*** Opening of Material supplied ***
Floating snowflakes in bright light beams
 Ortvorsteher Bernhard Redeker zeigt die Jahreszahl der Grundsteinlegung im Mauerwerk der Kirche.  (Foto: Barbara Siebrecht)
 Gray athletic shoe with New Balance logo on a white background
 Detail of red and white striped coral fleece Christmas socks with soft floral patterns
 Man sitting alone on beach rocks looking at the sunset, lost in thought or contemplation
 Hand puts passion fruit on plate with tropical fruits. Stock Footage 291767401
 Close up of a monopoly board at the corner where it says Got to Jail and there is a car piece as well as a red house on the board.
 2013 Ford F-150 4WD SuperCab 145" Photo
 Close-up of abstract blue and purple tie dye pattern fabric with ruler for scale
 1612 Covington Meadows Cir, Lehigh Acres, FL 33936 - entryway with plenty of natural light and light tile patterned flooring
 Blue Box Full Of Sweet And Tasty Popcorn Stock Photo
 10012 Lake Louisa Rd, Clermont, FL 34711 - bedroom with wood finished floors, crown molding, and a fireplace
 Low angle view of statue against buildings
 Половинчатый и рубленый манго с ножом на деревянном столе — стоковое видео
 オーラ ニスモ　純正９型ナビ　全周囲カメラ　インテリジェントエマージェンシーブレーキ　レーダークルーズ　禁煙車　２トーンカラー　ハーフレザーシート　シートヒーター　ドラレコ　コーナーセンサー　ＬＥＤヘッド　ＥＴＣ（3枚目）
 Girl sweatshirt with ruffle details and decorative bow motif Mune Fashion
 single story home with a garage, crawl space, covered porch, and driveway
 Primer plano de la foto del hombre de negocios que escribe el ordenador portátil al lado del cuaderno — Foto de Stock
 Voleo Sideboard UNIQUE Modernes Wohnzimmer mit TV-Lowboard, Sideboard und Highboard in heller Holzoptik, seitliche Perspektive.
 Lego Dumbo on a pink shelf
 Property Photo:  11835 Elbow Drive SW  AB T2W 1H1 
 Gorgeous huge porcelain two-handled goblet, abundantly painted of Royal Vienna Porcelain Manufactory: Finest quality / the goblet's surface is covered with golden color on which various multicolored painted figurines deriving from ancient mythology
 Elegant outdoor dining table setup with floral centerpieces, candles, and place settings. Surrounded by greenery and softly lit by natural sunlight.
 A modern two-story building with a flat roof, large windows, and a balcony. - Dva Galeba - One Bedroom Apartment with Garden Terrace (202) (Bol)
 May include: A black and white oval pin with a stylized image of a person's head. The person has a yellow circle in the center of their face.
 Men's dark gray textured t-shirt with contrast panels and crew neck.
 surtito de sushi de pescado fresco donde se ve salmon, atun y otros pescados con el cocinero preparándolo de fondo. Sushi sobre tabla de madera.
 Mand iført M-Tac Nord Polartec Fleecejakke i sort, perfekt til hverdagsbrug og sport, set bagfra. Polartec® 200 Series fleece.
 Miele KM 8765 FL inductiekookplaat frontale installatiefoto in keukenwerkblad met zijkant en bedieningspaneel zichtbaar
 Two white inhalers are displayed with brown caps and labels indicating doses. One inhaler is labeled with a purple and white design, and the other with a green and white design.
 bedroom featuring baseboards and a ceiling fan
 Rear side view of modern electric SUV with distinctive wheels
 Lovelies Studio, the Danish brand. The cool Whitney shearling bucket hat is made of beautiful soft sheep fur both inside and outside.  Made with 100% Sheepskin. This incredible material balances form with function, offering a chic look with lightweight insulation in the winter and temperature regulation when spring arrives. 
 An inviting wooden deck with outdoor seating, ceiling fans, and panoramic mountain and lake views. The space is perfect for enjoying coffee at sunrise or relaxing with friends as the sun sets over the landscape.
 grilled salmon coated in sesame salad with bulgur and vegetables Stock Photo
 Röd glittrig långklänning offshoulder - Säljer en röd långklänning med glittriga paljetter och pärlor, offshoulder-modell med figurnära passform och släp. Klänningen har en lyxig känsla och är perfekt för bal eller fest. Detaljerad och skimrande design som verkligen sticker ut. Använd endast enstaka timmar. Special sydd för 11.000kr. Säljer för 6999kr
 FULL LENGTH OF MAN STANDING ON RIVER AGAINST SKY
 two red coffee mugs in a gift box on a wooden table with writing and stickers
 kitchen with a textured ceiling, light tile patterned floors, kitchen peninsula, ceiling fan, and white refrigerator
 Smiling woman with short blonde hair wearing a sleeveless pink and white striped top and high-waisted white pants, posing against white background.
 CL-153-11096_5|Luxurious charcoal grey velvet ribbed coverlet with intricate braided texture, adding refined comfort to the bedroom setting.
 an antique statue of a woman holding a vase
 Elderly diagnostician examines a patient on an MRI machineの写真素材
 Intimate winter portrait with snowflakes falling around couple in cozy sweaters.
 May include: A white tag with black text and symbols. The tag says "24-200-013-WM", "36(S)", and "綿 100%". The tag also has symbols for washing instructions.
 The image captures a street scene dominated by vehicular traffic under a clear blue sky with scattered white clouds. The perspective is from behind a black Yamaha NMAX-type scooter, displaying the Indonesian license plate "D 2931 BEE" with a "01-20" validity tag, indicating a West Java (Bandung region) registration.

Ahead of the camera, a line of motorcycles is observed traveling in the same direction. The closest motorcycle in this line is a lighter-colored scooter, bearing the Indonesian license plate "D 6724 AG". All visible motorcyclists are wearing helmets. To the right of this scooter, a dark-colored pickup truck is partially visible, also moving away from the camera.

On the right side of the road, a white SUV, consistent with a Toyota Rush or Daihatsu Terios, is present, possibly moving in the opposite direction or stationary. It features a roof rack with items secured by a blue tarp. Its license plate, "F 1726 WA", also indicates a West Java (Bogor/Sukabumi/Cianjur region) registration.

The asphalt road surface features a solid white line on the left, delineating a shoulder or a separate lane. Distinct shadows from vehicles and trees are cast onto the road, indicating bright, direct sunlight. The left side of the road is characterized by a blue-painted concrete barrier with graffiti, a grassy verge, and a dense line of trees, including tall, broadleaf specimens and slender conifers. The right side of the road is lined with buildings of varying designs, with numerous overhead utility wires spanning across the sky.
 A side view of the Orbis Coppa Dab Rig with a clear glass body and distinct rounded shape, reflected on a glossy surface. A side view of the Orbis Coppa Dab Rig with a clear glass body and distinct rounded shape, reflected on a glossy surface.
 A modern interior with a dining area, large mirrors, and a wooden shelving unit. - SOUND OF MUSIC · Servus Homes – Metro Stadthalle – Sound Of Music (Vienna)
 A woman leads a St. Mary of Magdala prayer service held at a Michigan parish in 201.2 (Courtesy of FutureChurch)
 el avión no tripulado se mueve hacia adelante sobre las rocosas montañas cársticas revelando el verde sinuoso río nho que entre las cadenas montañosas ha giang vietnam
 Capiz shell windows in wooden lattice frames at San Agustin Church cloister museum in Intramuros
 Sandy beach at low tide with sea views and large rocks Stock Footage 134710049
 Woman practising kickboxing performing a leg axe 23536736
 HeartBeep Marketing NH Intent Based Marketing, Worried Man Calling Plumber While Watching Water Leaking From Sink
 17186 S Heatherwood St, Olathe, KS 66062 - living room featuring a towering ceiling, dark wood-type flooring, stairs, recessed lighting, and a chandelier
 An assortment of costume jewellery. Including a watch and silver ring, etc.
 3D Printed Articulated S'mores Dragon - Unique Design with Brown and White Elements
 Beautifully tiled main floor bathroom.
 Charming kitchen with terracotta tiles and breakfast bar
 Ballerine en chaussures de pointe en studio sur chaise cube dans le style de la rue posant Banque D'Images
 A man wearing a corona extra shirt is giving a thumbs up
*** Close of Material supplied ***
## What is expected
Give back all of the data above without any alteration.

## Answer to this exercise
Floating snowflakes in bright light beams
 Ortvorsteher Bernhard Redeker zeigt die Jahreszahl der Grundsteinlegung im Mauerwerk der Kirche.  (Foto: Barbara Siebrecht)
 Gray athletic shoe with New Balance logo on a white background
 Detail of red and white striped coral fleece Christmas socks with soft floral patterns
 Man sitting alone on beach rocks looking at the sunset, lost in thought or contemplation
 Hand puts passion fruit on plate with tropical fruits. Stock Footage 291767401
 Close up of a monopoly board at the corner where it says Got to Jail and there is a car piece as well as a red house on the board.
 2013 Ford F-150 4WD SuperCab 145" Photo
 Close-up of abstract blue and purple tie dye pattern fabric with ruler for scale
 1612 Covington Meadows Cir, Lehigh Acres, FL 33936 - entryway with plenty of natural light and light tile patterned flooring
 Blue Box Full Of Sweet And Tasty Popcorn Stock Photo
 10012 Lake Louisa Rd, Clermont, FL 34711 - bedroom with wood finished floors, crown molding, and a fireplace
 Low angle view of statue against buildings
 Половинчатый и рубленый манго с ножом на деревянном столе — стоковое видео
 オーラ ニスモ　純正９型ナビ　全周囲カメラ　インテリジェントエマージェンシーブレーキ　レーダークルーズ　禁煙車　２トーンカラー　ハーフレザーシート　シートヒーター　ドラレコ　コーナーセンサー　ＬＥＤヘッド　ＥＴＣ（3枚目）
 Girl sweatshirt with ruffle details and decorative bow motif Mune Fashion
 single story home with a garage, crawl space, covered porch, and driveway
 Primer plano de la foto del hombre de negocios que escribe el ordenador portátil al lado del cuaderno — Foto de Stock
 Voleo Sideboard UNIQUE Modernes Wohnzimmer mit TV-Lowboard, Sideboard und Highboard in heller Holzoptik, seitliche Perspektive.
 Lego Dumbo on a pink shelf
 Property Photo:  11835 Elbow Drive SW  AB T2W 1H1 
 Gorgeous huge porcelain two-handled goblet, abundantly painted of Royal Vienna Porcelain Manufactory: Finest quality / the goblet's surface is covered with golden color on which various multicolored painted figurines deriving from ancient mythology
 Elegant outdoor dining table setup with floral centerpieces, candles, and place settings. Surrounded by greenery and softly lit by natural sunlight.
 A modern two-story building with a flat roof, large windows, and a balcony. - Dva Galeba - One Bedroom Apartment with Garden Terrace (202) (Bol)
 May include: A black and white oval pin with a stylized image of a person's head. The person has a yellow circle in the center of their face.
 Men's dark gray textured t-shirt with contrast panels and crew neck.
 surtito de sushi de pescado fresco donde se ve salmon, atun y otros pescados con el cocinero preparándolo de fondo. Sushi sobre tabla de madera.
 Mand iført M-Tac Nord Polartec Fleecejakke i sort, perfekt til hverdagsbrug og sport, set bagfra. Polartec® 200 Series fleece.
 Miele KM 8765 FL inductiekookplaat frontale installatiefoto in keukenwerkblad met zijkant en bedieningspaneel zichtbaar
 Two white inhalers are displayed with brown caps and labels indicating doses. One inhaler is labeled with a purple and white design, and the other with a green and white design.
 bedroom featuring baseboards and a ceiling fan
 Rear side view of modern electric SUV with distinctive wheels
 Lovelies Studio, the Danish brand. The cool Whitney shearling bucket hat is made of beautiful soft sheep fur both inside and outside.  Made with 100% Sheepskin. This incredible material balances form with function, offering a chic look with lightweight insulation in the winter and temperature regulation when spring arrives. 
 An inviting wooden deck with outdoor seating, ceiling fans, and panoramic mountain and lake views. The space is perfect for enjoying coffee at sunrise or relaxing with friends as the sun sets over the landscape.
 grilled salmon coated in sesame salad with bulgur and vegetables Stock Photo
 Röd glittrig långklänning offshoulder - Säljer en röd långklänning med glittriga paljetter och pärlor, offshoulder-modell med figurnära passform och släp. Klänningen har en lyxig känsla och är perfekt för bal eller fest. Detaljerad och skimrande design som verkligen sticker ut. Använd endast enstaka timmar. Special sydd för 11.000kr. Säljer för 6999kr
 FULL LENGTH OF MAN STANDING ON RIVER AGAINST SKY
 two red coffee mugs in a gift box on a wooden table with writing and stickers
 kitchen with a textured ceiling, light tile patterned floors, kitchen peninsula, ceiling fan, and white refrigerator
 Smiling woman with short blonde hair wearing a sleeveless pink and white striped top and high-waisted white pants, posing against white background.
 CL-153-11096_5|Luxurious charcoal grey velvet ribbed coverlet with intricate braided texture, adding refined comfort to the bedroom setting.
 an antique statue of a woman holding a vase
 Elderly diagnostician examines a patient on an MRI machineの写真素材
 Intimate winter portrait with snowflakes falling around couple in cozy sweaters.
 May include: A white tag with black text and symbols. The tag says "24-200-013-WM", "36(S)", and "綿 100%". The tag also has symbols for washing instructions.
 The image captures a street scene dominated by vehicular traffic under a clear blue sky with scattered white clouds. The perspective is from behind a black Yamaha NMAX-type scooter, displaying the Indonesian license plate "D 2931 BEE" with a "01-20" validity tag, indicating a West Java (Bandung region) registration.

Ahead of the camera, a line of motorcycles is observed traveling in the same direction. The closest motorcycle in this line is a lighter-colored scooter, bearing the Indonesian license plate "D 6724 AG". All visible motorcyclists are wearing helmets. To the right of this scooter, a dark-colored pickup truck is partially visible, also moving away from the camera.

On the right side of the road, a white SUV, consistent with a Toyota Rush or Daihatsu Terios, is present, possibly moving in the opposite direction or stationary. It features a roof rack with items secured by a blue tarp. Its license plate, "F 1726 WA", also indicates a West Java (Bogor/Sukabumi/Cianjur region) registration.

The asphalt road surface features a solid white line on the left, delineating a shoulder or a separate lane. Distinct shadows from vehicles and trees are cast onto the road, indicating bright, direct sunlight. The left side of the road is characterized by a blue-painted concrete barrier with graffiti, a grassy verge, and a dense line of trees, including tall, broadleaf specimens and slender conifers. The right side of the road is lined with buildings of varying designs, with numerous overhead utility wires spanning across the sky.
 A side view of the Orbis Coppa Dab Rig with a clear glass body and distinct rounded shape, reflected on a glossy surface. A side view of the Orbis Coppa Dab Rig with a clear glass body and distinct rounded shape, reflected on a glossy surface.
 A modern interior with a dining area, large mirrors, and a wooden shelving unit. - SOUND OF MUSIC · Servus Homes – Metro Stadthalle – Sound Of Music (Vienna)
 A woman leads a St. Mary of Magdala prayer service held at a Michigan parish in 201.2 (Courtesy of FutureChurch)
 el avión no tripulado se mueve hacia adelante sobre las rocosas montañas cársticas revelando el verde sinuoso río nho que entre las cadenas montañosas ha giang vietnam
 Capiz shell windows in wooden lattice frames at San Agustin Church cloister museum in Intramuros
 Sandy beach at low tide with sea views and large rocks Stock Footage 134710049
 Woman practising kickboxing performing a leg axe 23536736
 HeartBeep Marketing NH Intent Based Marketing, Worried Man Calling Plumber While Watching Water Leaking From Sink
 17186 S Heatherwood St, Olathe, KS 66062 - living room featuring a towering ceiling, dark wood-type flooring, stairs, recessed lighting, and a chandelier
 An assortment of costume jewellery. Including a watch and silver ring, etc.
 3D Printed Articulated S'mores Dragon - Unique Design with Brown and White Elements
 Beautifully tiled main floor bathroom.
 Charming kitchen with terracotta tiles and breakfast bar
 Ballerine en chaussures de pointe en studio sur chaise cube dans le style de la rue posant Banque D'Images
 A man wearing a corona extra shirt is giving a thumbs up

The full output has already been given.